# R6 or R7?



## MariaD (Mar 30, 2022)

I just bought the R6, then read that the R7 is rumoured to arrive soon. Should I return the R6 and wait it out? Or walk away and enjoy the R6? I have 2 days to return the R6.


----------



## john1970 (Mar 30, 2022)

Keep the R6, used it and enjoy it. If and when the R7 arrives you can then consider it at that time.


----------



## neuroanatomist (Mar 30, 2022)

The key word is rumored. No announcement, no camera. Personally, I'd stick with the R6. Since the rumored R7 is APS-C, you'll get better IQ from the R6 anyway.


----------



## HikeBike (Mar 30, 2022)

In my opinion, the R6 is such a step up from previous bodies, I'd have a really hard time returning it over only the rumor of an R7 (especially with chip delays).

I agree with the previous posts here...keep the R6, as long as it doesn't prevent you from creating the type of photos/videos you want to create.


----------



## SHAMwow (Mar 30, 2022)

To me personally, the R6 is the 7 series RF camera. Plus, based on the current climate, even if an R7 eventually released (could be soon, could be never) you' have trouble even getting one.


----------



## AlanF (Mar 30, 2022)

SHAMwow said:


> To me personally, the R6 is the 7 series RF camera. Plus, based on the current climate, even if an R7 eventually released (could be soon, could be never) you' have trouble even getting one.

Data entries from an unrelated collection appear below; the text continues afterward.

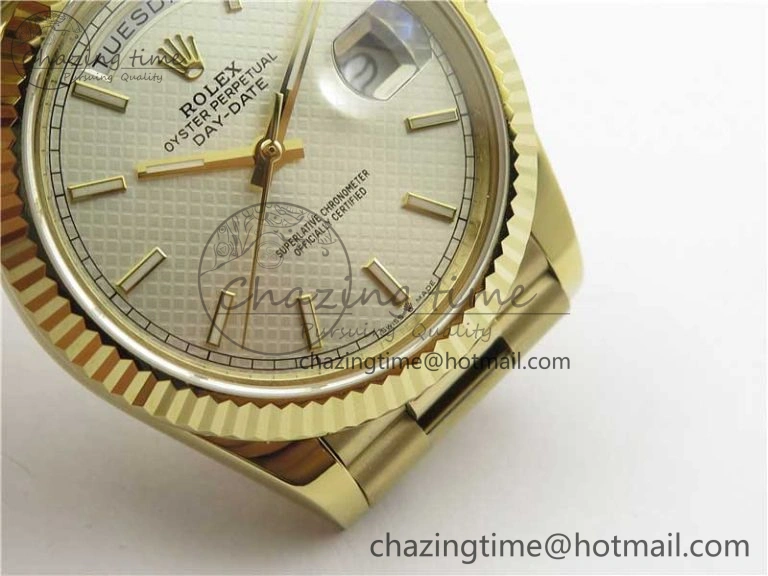 Day-Date 40mm 228239 BP New Dial Version 904 YG Silver Textured Dial on YG President Bracelet A2836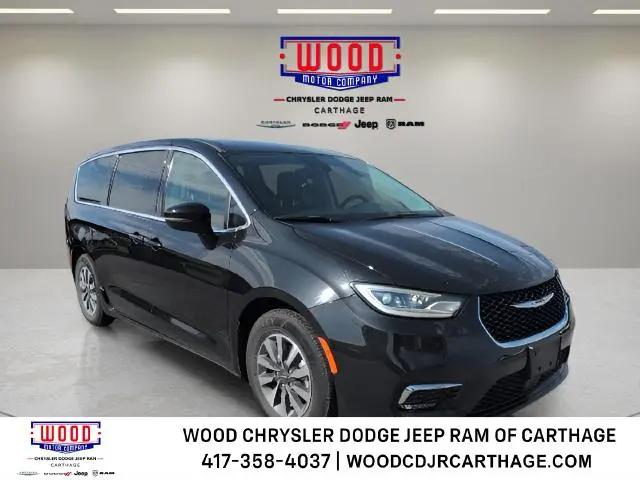2023 Chrysler Pacifica Hybrid Touring L for sale in Carthage, MO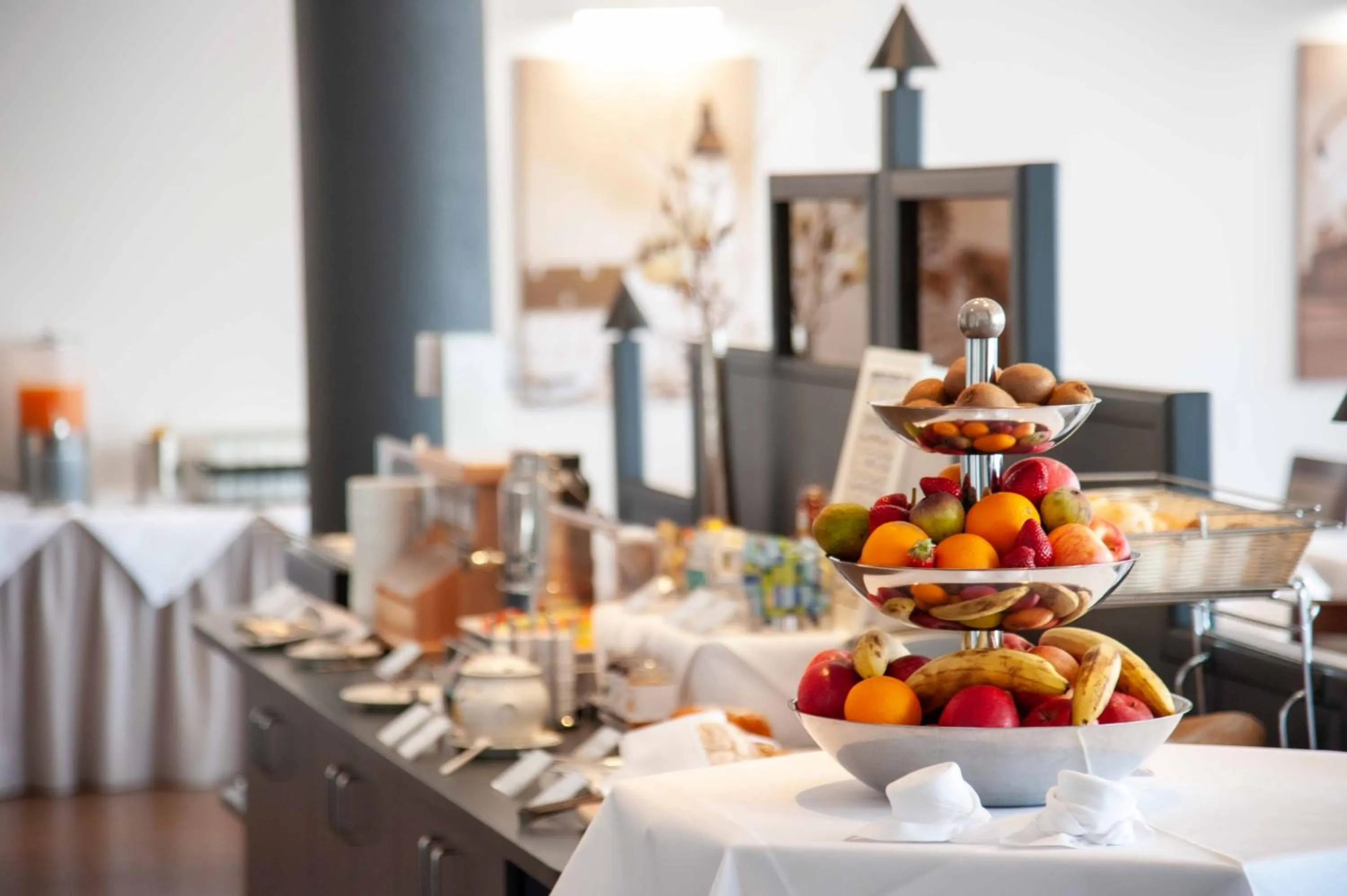 Breakfast in Hotel Metropol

The R6 has a low density sensor, which is fine for much full frame work, portraits, sport etc, but not so good for wild-life photography when you need reach. The R7 as an APS-C will have a high density sensor which is what the wild-life photographers want for reach.


----------



## MariaD (Mar 30, 2022)

SHAMwow said:


> To me personally, the R6 is the 7 series RF camera. Plus, based on the current climate, even if an R7 eventually released (could be soon, could be never) you' have trouble even getting one.


Good point


----------



## MariaD (Mar 30, 2022)

AlanF said:


> The R6 has a low density sensor, which is fine for much full frame work, portraits, sport etc, but not so good for wild-life photography when you need reach. The R7 as an APS-C will have a high density sensor which is what the wild-life photographers want for reach.


Thanks-I'm shooting landscape, portrait and a bit of sport so R6 suits my needs.


----------



## takesome1 (Mar 31, 2022)

Return it, buy an R5 and shoot it in crop mode and you have the essence of what the R7 will most likely be. Just my opinion.
As @AlanF mentioned, APS-C sensor will be high density.
My opinion is that the 7D II had the same IQ of the 5Ds. The main advantage of the 7D II was speed and dollars.
With the R5's speed a R7's greatest advantage may be mostly dollars.


----------



## Czardoom (Mar 31, 2022)

MariaD said:


> Thanks-I'm shooting landscape, portrait and a bit of sport so R6 suits my needs.


It sounds like the R6 will better suit your needs anyway, so why consider the R7 - which is only rumored and we don't know if - or when - it will be released, or what the specs and the price will be.


----------